Extrême habileté polémique de Diderot : recours à une ruse efficace qui consiste à présenter la monarchie absolue de droit divin comme un sacrilège : la créature ne doit pas « s’arroger les droits du Créateur » (35). Diderot se fait l’avocat de « Dieu, dont le pouvoir est toujours immédiat sur la créature » (29). La raison invoquée ligne 26 (« car l’homme … a un maître absolu »)  est imparable. Diderot utilise les armes de l’adversaire et les retourne contre lui (cf. les procédés de l’ironie).

Bossuet dans sa Politique tirée de l’Evangile (1670) avait théorisé et justifié la monarchie absolue en présentant le roi de France comme un « lieutenant de Dieu » : Diderot lui réplique en faisant de la surenchère sur son propre terrain et en utilisant le même langage.

Fait donc intervenir la notion d’autorité divine, ce qui le conduit à contester la notion de monarchie de droit divin au nom même des traditions religieuses.

3) Le crime de « lèse majesté divine »

Le roi n’est pas Dieu..

Vénérer le prince est acceptable à condition de ne pas être dupe des marques de respect rendues à sa personne.  On peut considérer comme « innocente » une soumission uniquement extérieure et formelle. Diderot propose l’exemple de l’Angleterre où l’on honore innocemment un roi qui ne gouverne plus : « un anglais n’a point de scrupule à… ». Mais « véritable crime d’idolâtrie » et de « lèse majesté divine » lorsque l’homme soumet « son esprit et sa conduite sans aucune réserve à la volonté et au caprice d’une pure créature ». Tant qu’elle reste gestuelle, la génuflexion est indifférente. C’est le sens qu’on y met qui en fait un acte religieux (elle s’adresse alors à Dieu) ou un acte idolâtre si elle exprime une soumission à un homme. Quelle différence alors avec les « barbares » ?

Renforce l’idée de la toute-puissance de Dieu tout en niant celle du pouvoir royal. Diderot s’appuie sur la religion elle-même pour affirmer les limites du pouvoir délégué par Dieu : c’est remettre en cause la toute-puissance du roi ; La soumission à l’homme est présentée comme une injure à Dieu.

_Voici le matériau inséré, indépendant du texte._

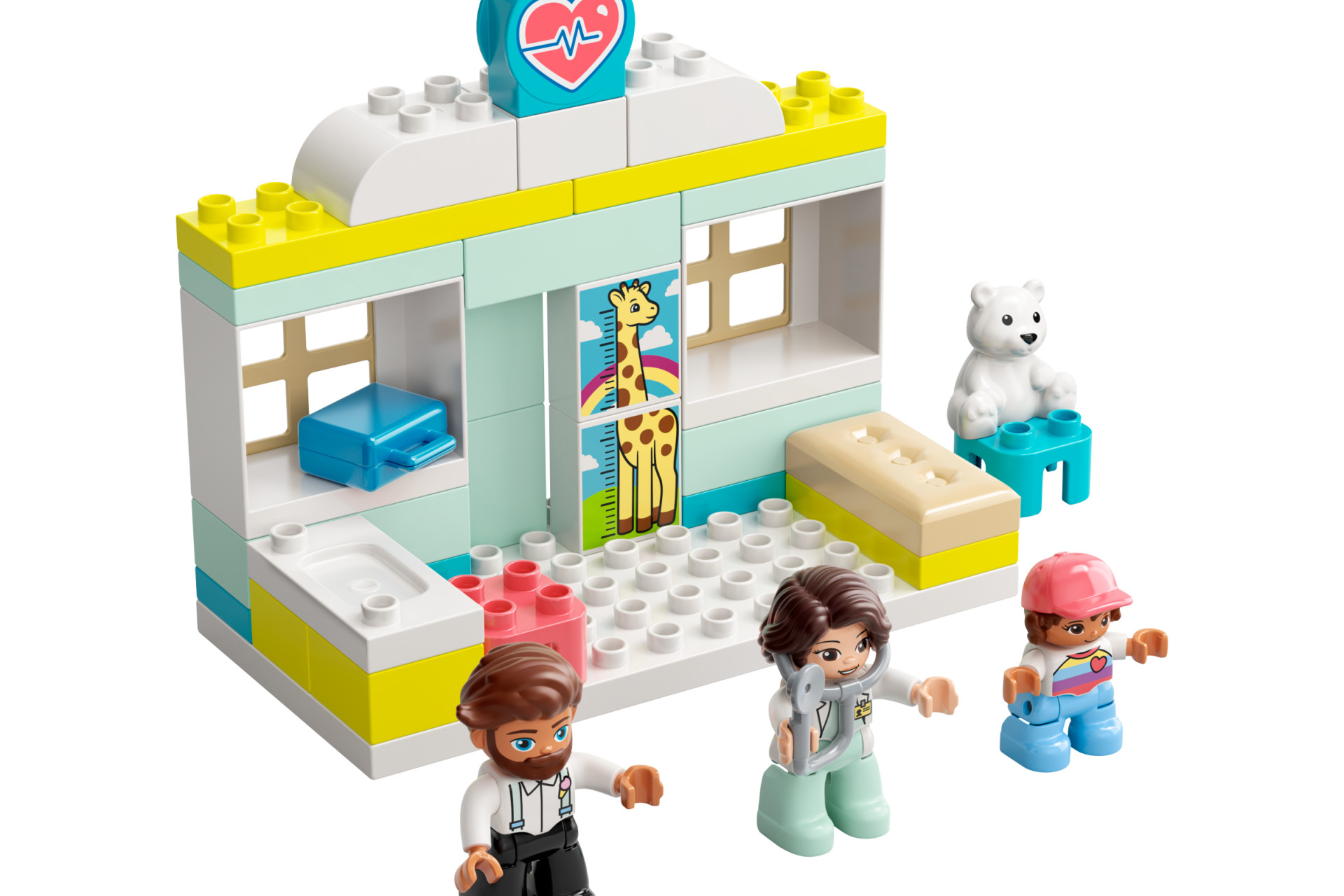 Acheter La Visite Médicale - Lego® Duplo® Rescue - 10968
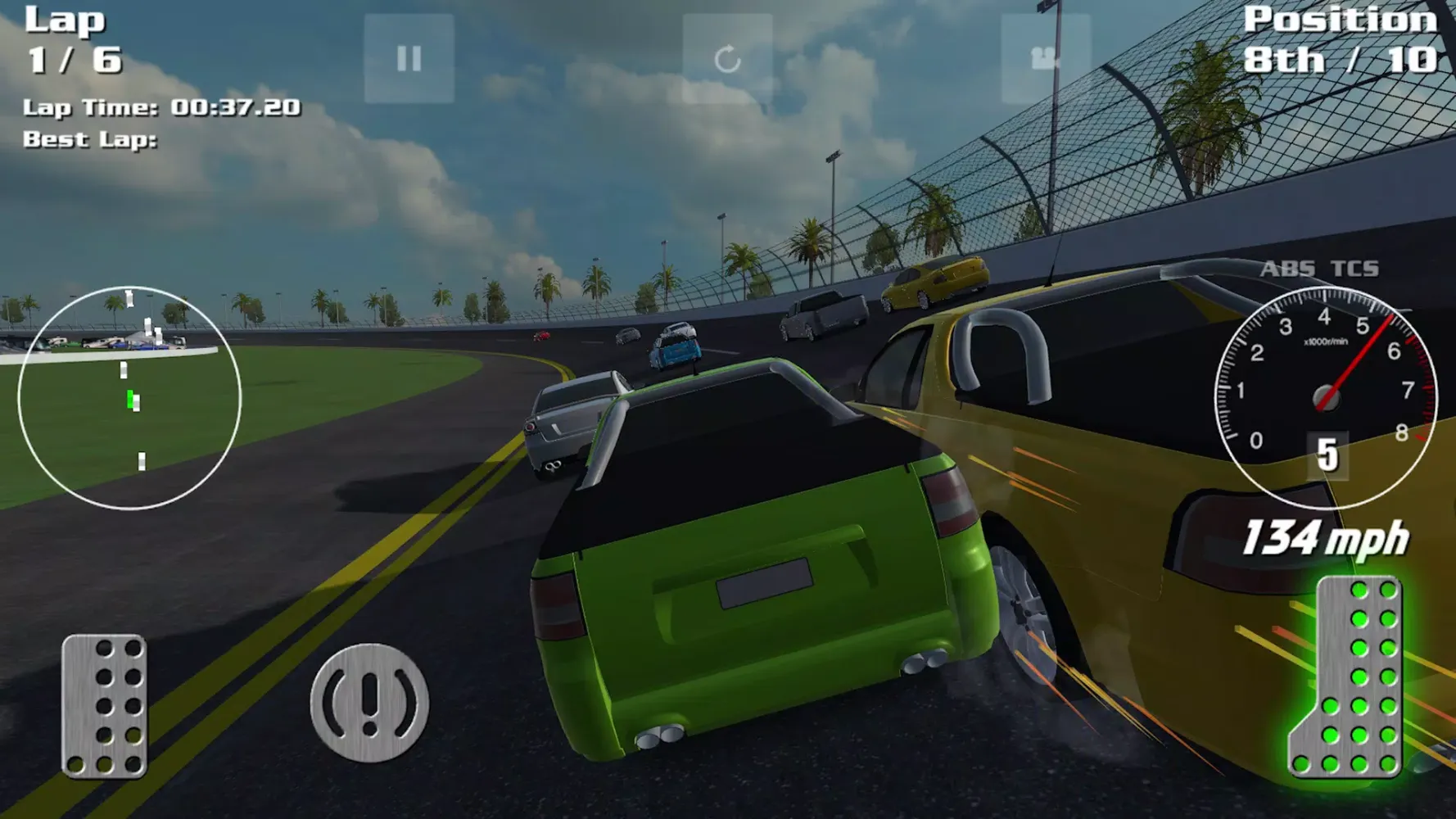 Thunderdome GT Screenshots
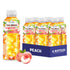 Mogu Mogu Peach Iced Tea with Nata de Coco (Coconut Jelly) Chewy
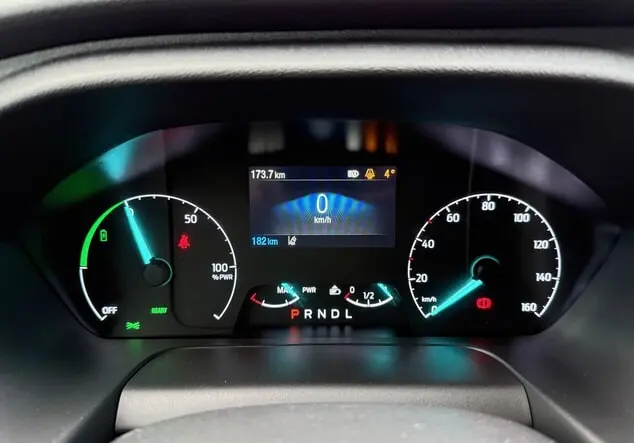 Angebotsdetails Ford e-Transit Frost Weiß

Faisant mine d’entrer dans les nuances, il porte un coup sévère au rituel monarchique et religieux.

Conclusion :

Audace et subtilité de l’argumentation qui parvient à retourner contre ses adversaires les présupposés religieux censés les justifier.

    1. Acceptation  « formelle » de la monarchie française qui peut sembler répondre aux critères de l’autorité légitime définis par Diderot ( durée donc accord tacite/  bornes du pouvoir : prince opposé à tyran), utilité ..
    2. Audace et subtilité de l’argumentation qui détruit la thèse de l’autorité de droit divin

Désireux de définir la notion de puissance consentie, Diderot en vient naturellement à souligner la nécessité absolue d’y limiter le pouvoir du prince. Ce faisant, il glisse résolument vers la condamnation de la monarchie absolue de droit divin.

Notion de pouvoir issu du consentement ou du contrat retrouvée ensuite chez Rousseau, onze ans plus tard, dans Le contrat social.